Dalla nobiltà alla polvere fino alla santità 
di S. Corrado piacentino
di Umberto Battini

Una figura di religioso significativa: il nobile cacciatore poi incendiario, il penitente che si fà pellegrino, il taumaturgo che letteralmente “fa comparire” pane angelico, come richiamo alla manna del deserto – la sua vita nel deserto simbolizzato dall’isolamento nella grotta presso Noto ove muore il 19 febbraio 1351.
Sulla origine del santo dalla nobile casata dei Confalonieri non lascian dubbi nemmeno gli stessi Giurati della città di Noto, che nella triplice lettera inviata nel 1610 agli Anziani e Priori di Piacenza, al Vescovo Conte mons. Rangoni ed al Farnese scrivono: “si ben fiorì di virtù Eremita et oggi reluce fra beati, già nel secolo fu cavaliero della famiglia Confaloniera e segnalatissimo nella patria per aver lasciata in un monasterio di quella la moglie e distribuito li beni fra quali s’è fatta coniectura d’alcuni curiosi esserci stato il Castello Calendasco…”. 

 
CASTELLO DEI CONFALONIERI A CALENDASCO

E la risposta dei Giurati piacentini non tardò, con la lettera del 14 maggio 1611 inviata a Noto essi li informarono dell’esito delle ricerche negli archivi allegando alla stessa una lunga relazione ove si legge che “il più vecchio della stirpe Confalloniera” ha il privilegio “d’accompagnare il nuovo Vescovo quando entra Pontificalmente la prima volta”, ma più clamorosamente questa relazione rivela che nel monastero di S. Chiara di Piacenza “per molta diligenza usata da persone autorevoli, altro non si è trovato che la notizia d’una suora Gioanina Confalloniera, che specialmente viveva nel 1340 et anco nel 1356. Detta qual suora si dice che, rispetto al tempo, non ci sarebbe difficoltà che non potesse essere la moglie di Santo Corrado.”.
Il luogo della nascita fisica di San Corrado ci viene presentato in forma ufficiale nel Legato Sancti Conradi del 1617, che il Vescovo di Piacenza anch’egli spronato dai Giurati netini, “tutte le predette cose approvò confermò e lodò, e approva conferma e loda”.
E’ un documento redatto nel Palazzo del Vescovo, alla sua stessa presenza ed è reso pubblico dal notaio e cancelliere episcopale Giovan Francesco de’ Parma.

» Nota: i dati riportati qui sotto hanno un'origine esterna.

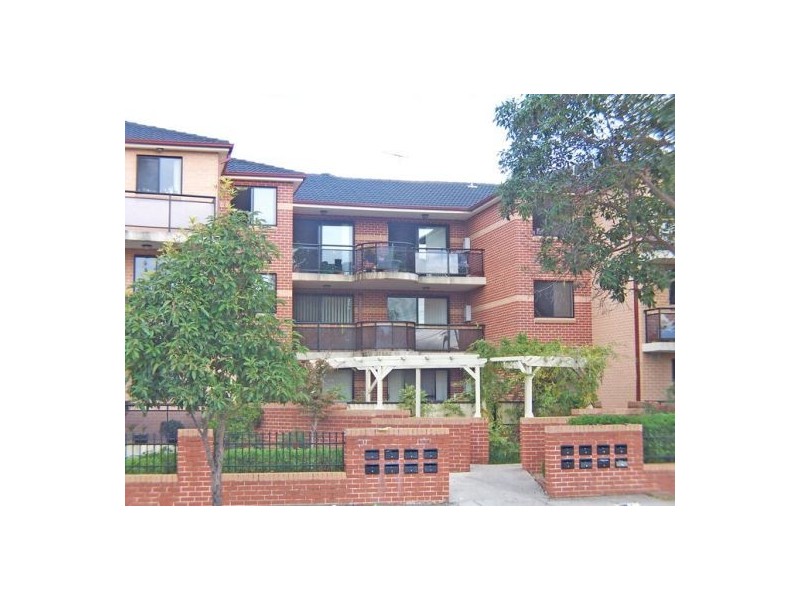 9/290 Merrylands Road, Merrylands NSW 2160
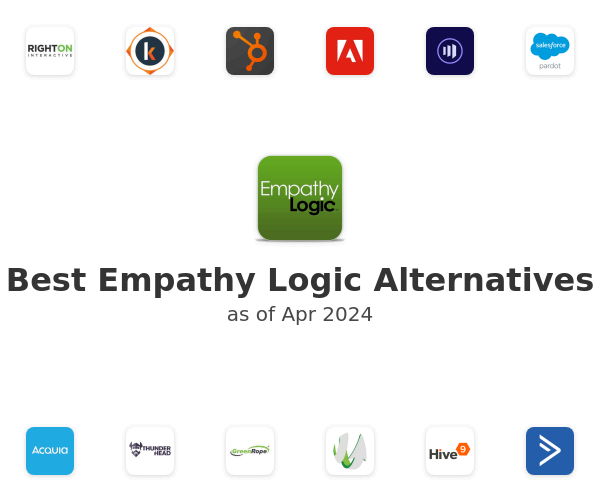Best Empathy Logic Alternatives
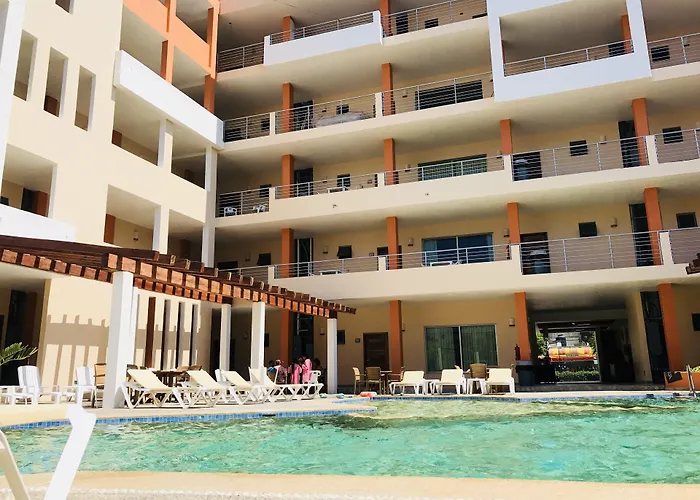 Aurora Resort Rincón de Guayabitos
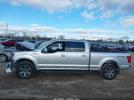 Ford F-150 Lariat Image 13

Il Legato voluto dallo Zanardi-Landi feudario succeduto ai Confalonieri, esplicita: “qui quidam S.tus Conradus, ut perhibetur fuit oriundus de praedecta Civitate ex admodum Ill.ma famiglia D.D. Confanoneriorum abitatores Dominorum Loci Calendaschi loci, et Villa Ducatus Placentini ultra trebiam…” .

 
LA PIAZZA CON LA CHIESA
Vi è contenuta pure la frase ut in eius vita pubblica tipis mandata videre est , valida conferma che le indagini sul santo erano concluse ed avevano portato a poter fare delle dichiarazioni certe grazie a ciò che si era rintracciato dei trascorsi civili: le affermazioni sicure che sono punti saldi che vanno a fortificare la narrazione esposta nel documento, sono: 1 – San Corrado è un piacentino, 2 – discende dalla Nobile Famiglia dei Confalonieri, 3 – è nato fisicamente in Calendasco.
Il Legato contiene questa importantissima affermazione: “certamente quella maggiore devozione è da promuovere e deve essere stimolata nella predetta Chiesa del luogo di Calendasco, il medesimo luogo dal quale codesto Santo, avendo tratto la sua origine terrena come si riporta, avrebbe assistito veramente gli abitanti del medesimo luogo, devoti del suo nome, per le grazie ed intercessione presso Dio Ottimo Massimo”.
Senza equivoco leggiamo che San Corrado è nato fisicamente a Calendasco ed il Vescovo di Piacenza, i Testimoni presenti, il parroco Rettore di Calendasco, il Conte Zanardi Landi e lo stesso notaio e cancelliere della Curia Episcopale ritengono quindi fuori di ogni dubbio la autenticità della affermazione e mai nessuno si contrappose, est probatio probata.

VEDUTA DAL CAMPANILE
La causa che spinge il nobile Corrado alla conversione è collegata ad un incendio che provocò durante una battuta di caccia verso l’anno 1315. Siccome fu incolpato del danno un innocente contadino, Corrado lo fa liberare ammettendo la colpa: lui è il colpevole e lui è l’uomo da punire. Una nuova ipotesi sull’incendio causato dal giovane san Corrado è emersa dagli archivi, il fatto eccezionale è dato da una pergamena dell’11 gennaio 1589: è una investitura di un fondo terriero di 200 pertiche fatta dai monaci di Quartazzola.
La pergamena rinvenuta all’Archivio di Stato di Parma riporta che le terre sono poste nel territorio di Calendasco, in direzione di San Nicolò e nel luogo detto “alla Bruciata. A diritto questo grande spazio rurale fatto di campi coltivabili e di bosco può essere ritenuto il luogo dell’incendio di san Corrado Confalonieri, una ipotesi da prender sul serio, data dalla ragionevolezza che una così vasta possessione terriera sia ricordata nel ‘500 con il nome ‘Bruciata’, sintomo che lì vi fu nei tempi andati un possente incendio che ancora segnava la toponomastica e la memoria della gente.
Dalla sua nascita all’età matura, ad esempio san Corrado celebra tra i Confalonieri, come risulta dagli atti dei notai di Piacenza, Agnesina badessa nel 1292 in S. Maria di Galilea, mentre nel 1296 in S. Maria di Nazareth c’è suor Richelda e nel 1315, quando Corrado ha la brutta avventura dell’incendio causa della sua conversione, nel monastero di S. Siro ci sono Sibillina ed Ermellina, e la Sibillina è ancora una soror vivente nel 1340, anni della partenza di S. Corrado dal romitorio di Calendasco. 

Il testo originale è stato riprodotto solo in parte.